| Required action |
Pictures are to be left out; every line from the one with "CAU1113 BA0858 クォーツ_画像1" through the end of the data must be transcribed exactly.

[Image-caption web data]
····················
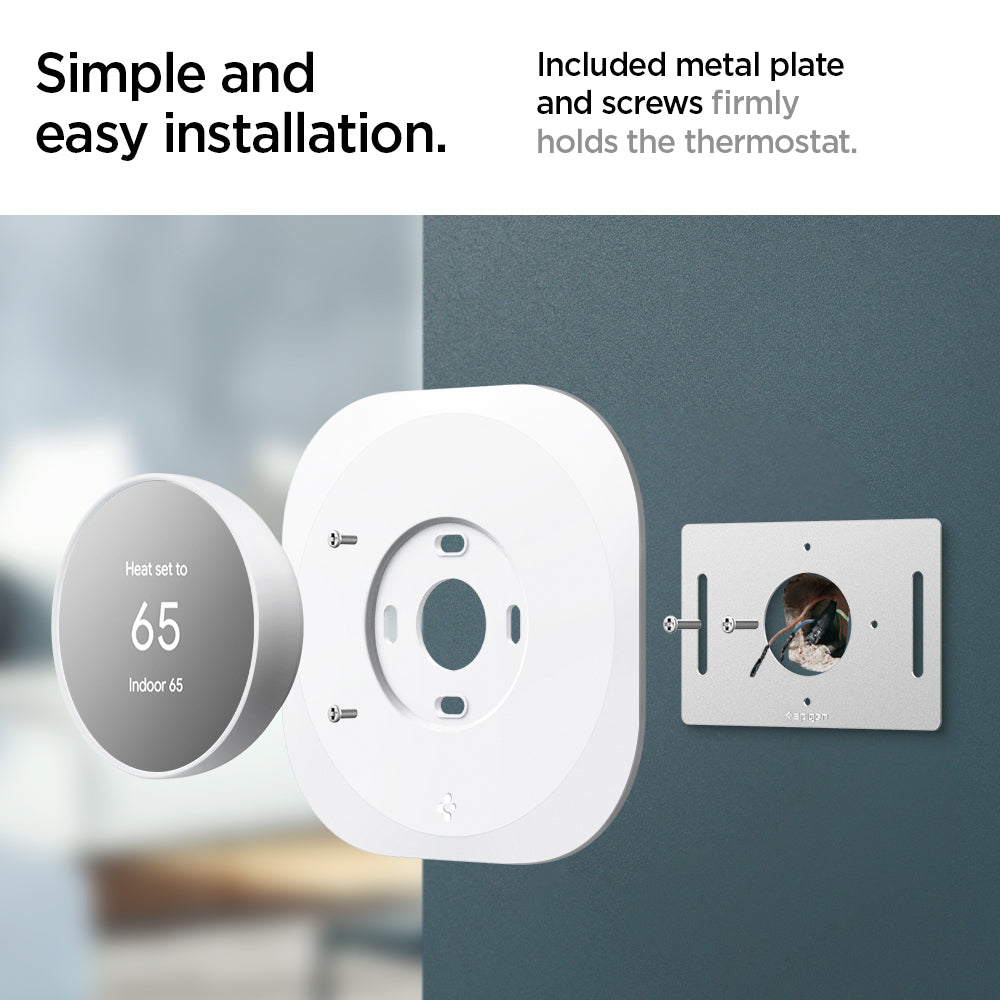 AHP02763 - Google Nest Thermostat Wall Plate in white showing the simple and easy installation. metal plates and screw included for firm installment just for you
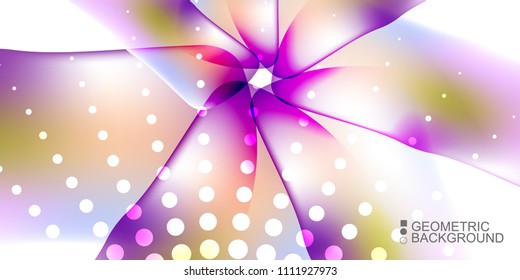 Geometric abstract background template with fluid waves in blurred colors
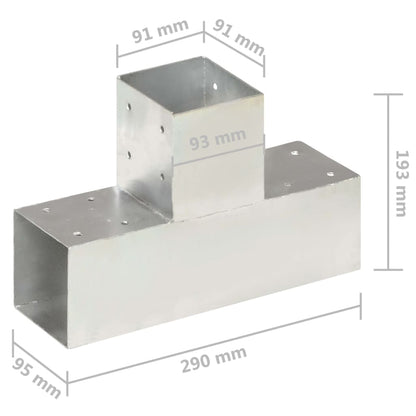 Connettori per Pali a Forma di T 4 pz Metallo Zincato 91x91 mm | homemem39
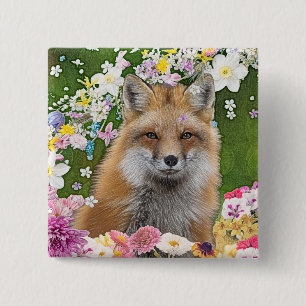 Flowery Fox 2 Inch Square Button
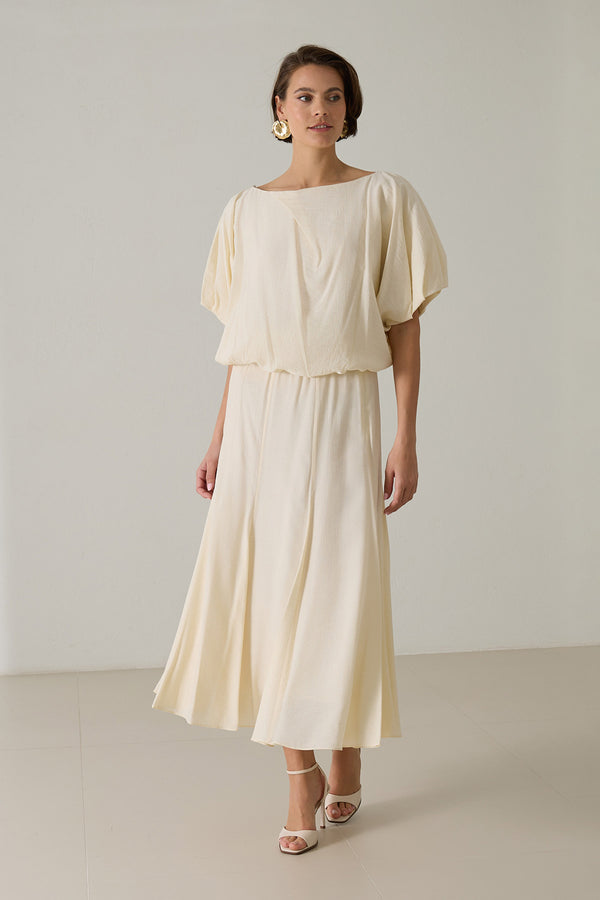 Setre Waist And Sleeve Detailed Blouse Cream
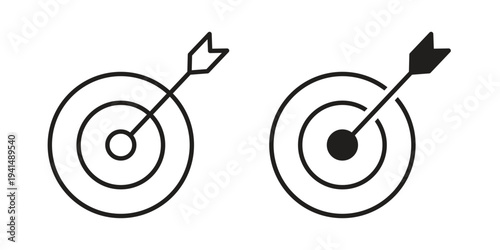 Bullseye icon simple outline style. Editable stroke EPS 10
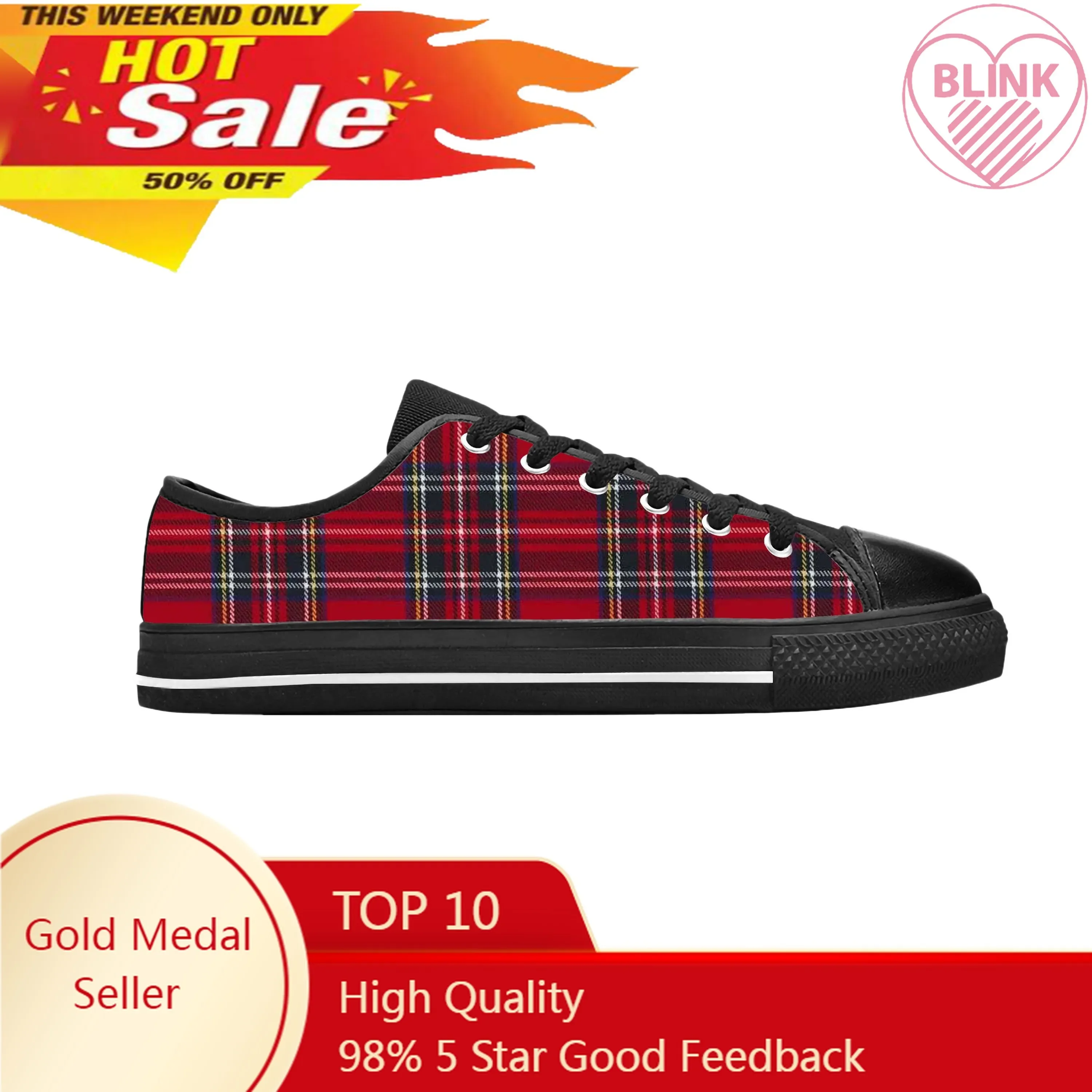 

Red Scottish Royal Stewart Clan Tartan Plaid Funny Casual Cloth Shoes Low Top Comfortable Breathable 3D Print Men Women Sneakers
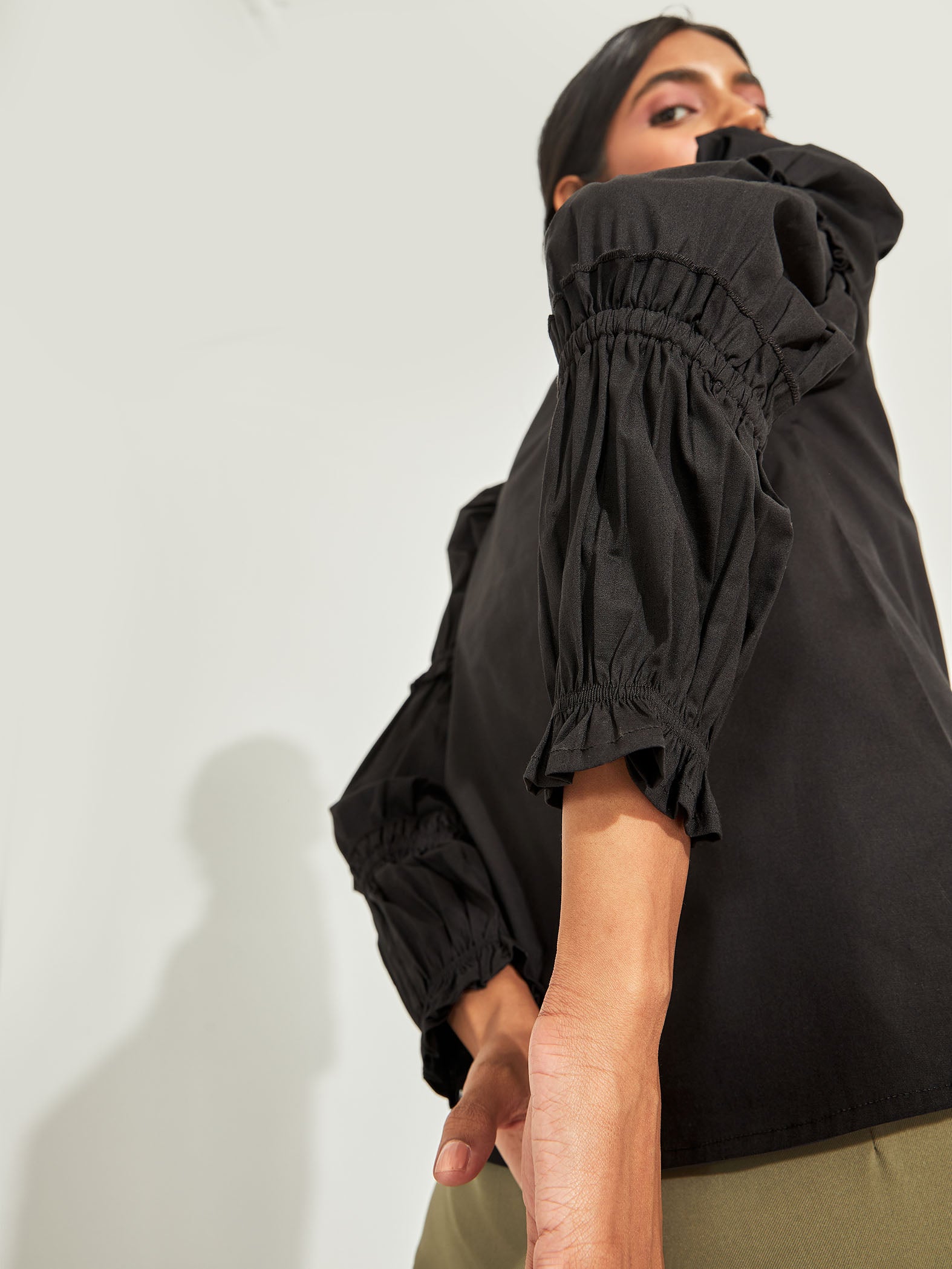 Black Ruffled Sleeve Shirt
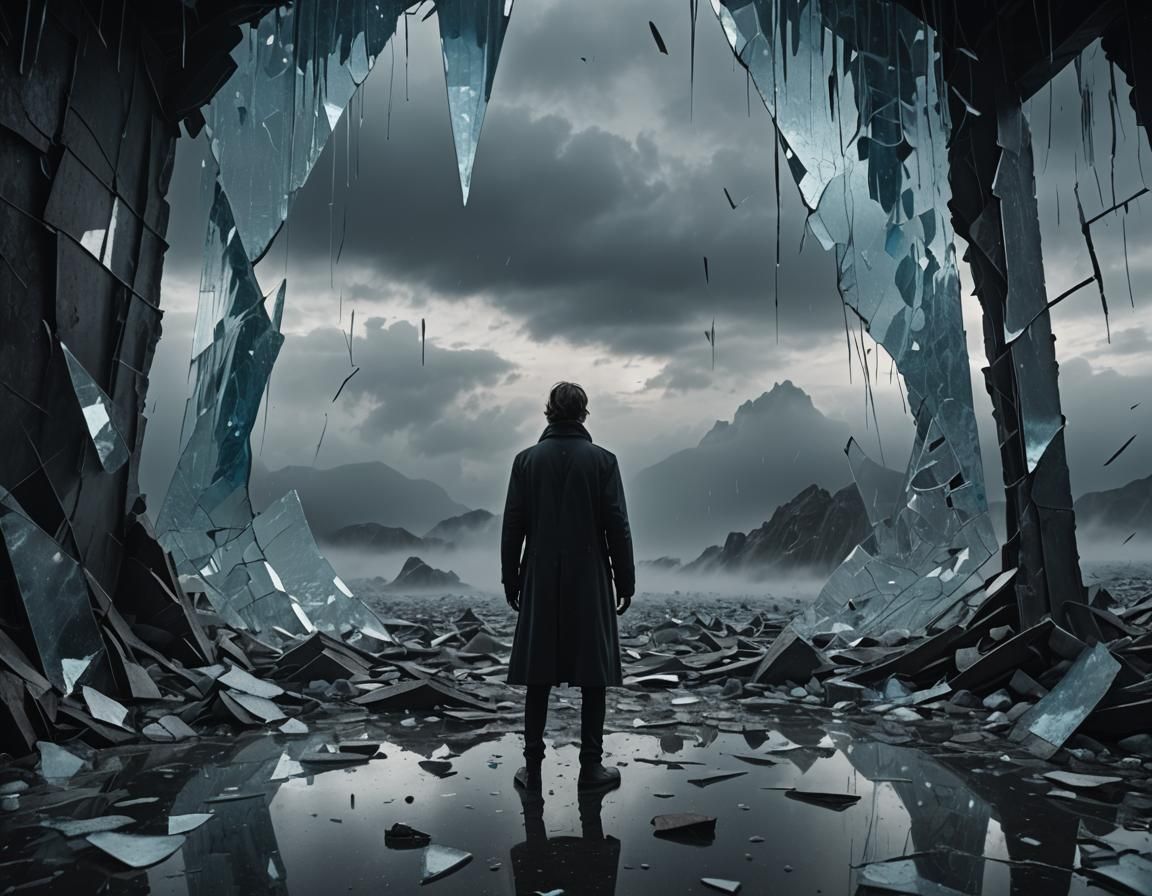 Eerie Mirror Figure in Dark Fantasy Surrealism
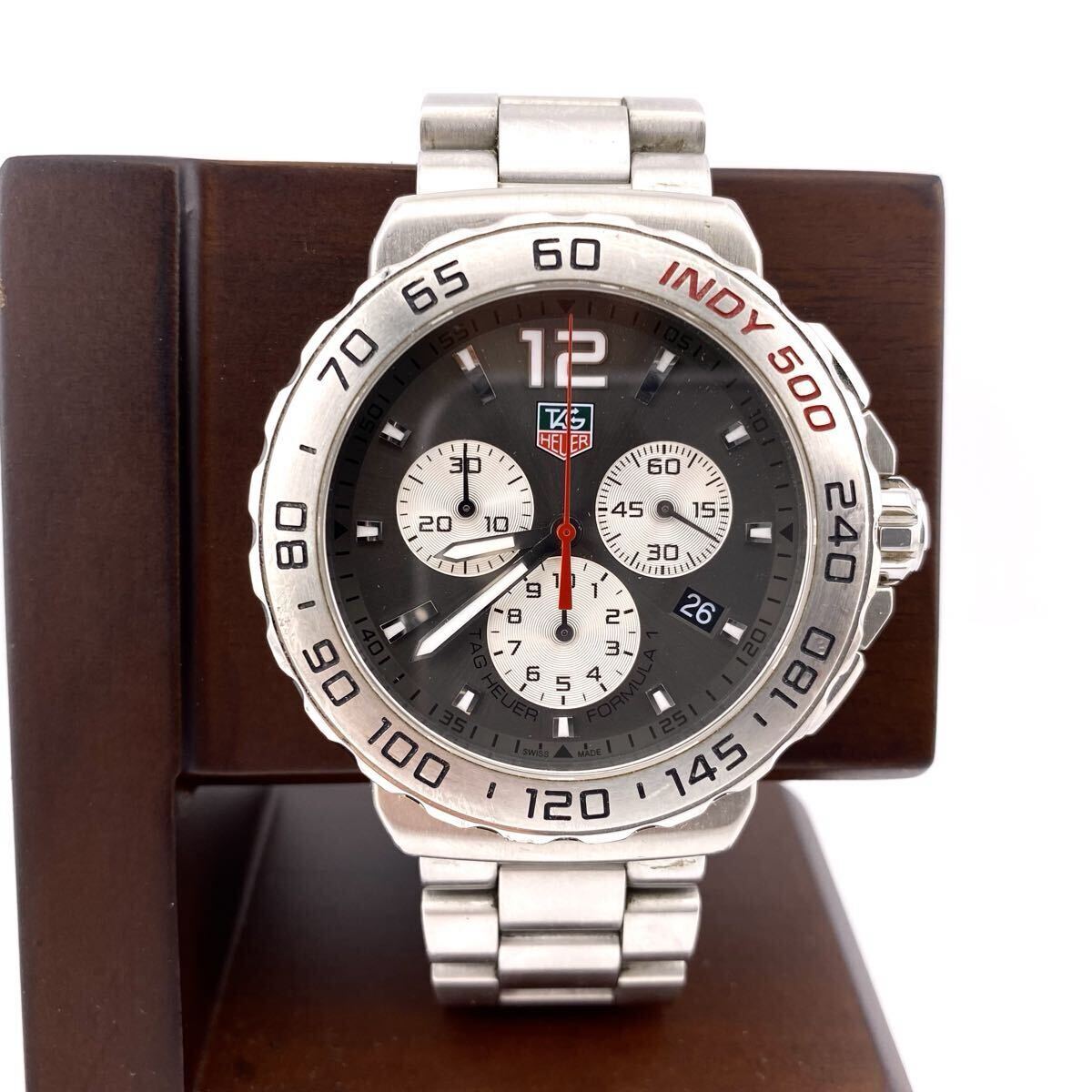 【不動品】TAG Heuer タグホイヤー フォーミュラ1 インディ500 クロノグラフ メンズ 腕時計 ステンレススチール CAU1113 BA0858 クォーツ_画像1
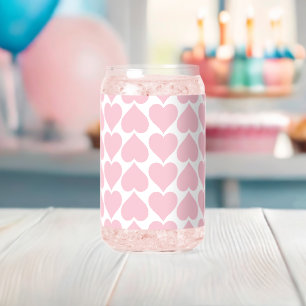Pink Hearts Pattern, Romantic, Love Can Glass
····················
| Task response |
 【不動品】TAG Heuer タグホイヤー フォーミュラ1 インディ500 クロノグラフ メンズ 腕時計 ステンレススチール CAU1113 BA0858 クォーツ_画像1
Pink Hearts Pattern, Romantic, Love Can Glass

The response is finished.